For a second she thinks of the house in Carthage – not of the examination and medical rooms, but the cell, and her own voice howling loud enough to drown the echoes of those same howls.

“Haven’t you studied
enough?

“No.” Familiar arrogance in his expression – not only for her, now, but for a young man suddenly at his side, walking up past a group of advisers that (she sees) contains both the doctor Annibale Valzacchi and his brother Gianpaulo: Agnus Dei.

“Sisnandus,” Leofric said mildly, under the plainsong of the funeral masses.

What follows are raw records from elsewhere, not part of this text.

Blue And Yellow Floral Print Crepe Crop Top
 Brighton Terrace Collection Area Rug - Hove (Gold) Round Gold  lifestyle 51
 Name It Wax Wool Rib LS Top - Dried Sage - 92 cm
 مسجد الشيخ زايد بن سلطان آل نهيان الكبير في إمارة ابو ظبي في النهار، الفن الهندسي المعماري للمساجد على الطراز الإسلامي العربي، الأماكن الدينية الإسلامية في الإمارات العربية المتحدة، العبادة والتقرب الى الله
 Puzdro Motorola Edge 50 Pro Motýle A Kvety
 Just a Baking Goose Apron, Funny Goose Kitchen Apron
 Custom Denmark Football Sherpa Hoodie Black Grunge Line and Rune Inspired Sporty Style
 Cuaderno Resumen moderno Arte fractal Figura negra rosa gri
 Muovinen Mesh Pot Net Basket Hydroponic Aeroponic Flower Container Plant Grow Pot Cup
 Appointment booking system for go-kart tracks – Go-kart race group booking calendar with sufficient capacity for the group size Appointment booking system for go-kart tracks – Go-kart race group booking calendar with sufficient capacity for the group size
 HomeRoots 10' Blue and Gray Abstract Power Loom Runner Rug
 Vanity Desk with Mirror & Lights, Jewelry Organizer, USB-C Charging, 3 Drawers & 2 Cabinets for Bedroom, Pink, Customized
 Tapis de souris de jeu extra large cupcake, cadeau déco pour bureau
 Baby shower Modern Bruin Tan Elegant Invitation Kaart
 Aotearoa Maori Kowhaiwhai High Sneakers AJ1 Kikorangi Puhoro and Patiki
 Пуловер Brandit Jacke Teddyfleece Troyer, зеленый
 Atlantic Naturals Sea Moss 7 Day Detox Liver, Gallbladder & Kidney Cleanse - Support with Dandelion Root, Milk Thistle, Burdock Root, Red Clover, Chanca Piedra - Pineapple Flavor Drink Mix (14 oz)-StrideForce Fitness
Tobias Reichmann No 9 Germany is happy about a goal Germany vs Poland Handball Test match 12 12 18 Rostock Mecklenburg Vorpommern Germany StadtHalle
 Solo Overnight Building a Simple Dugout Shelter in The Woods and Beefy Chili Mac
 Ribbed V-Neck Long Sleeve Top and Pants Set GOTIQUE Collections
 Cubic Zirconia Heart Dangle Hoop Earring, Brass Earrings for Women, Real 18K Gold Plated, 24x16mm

Ash recognises him now as one of the faces around the table on the cloth of gold. A thin young man, battle-hardened, with Leofric’s mouth; nothing else to mark him as the ex-commander of House Leofric except the livery.

“House Leofric’s and House Lebrija’s messengers have left for the capital,” he reported.

Be polite: this is one Leofric’s grooming for power, or he wouldn’t have had Sisnandus take over when he was feigning madness.

Assuming Sisnandus realises it was put on.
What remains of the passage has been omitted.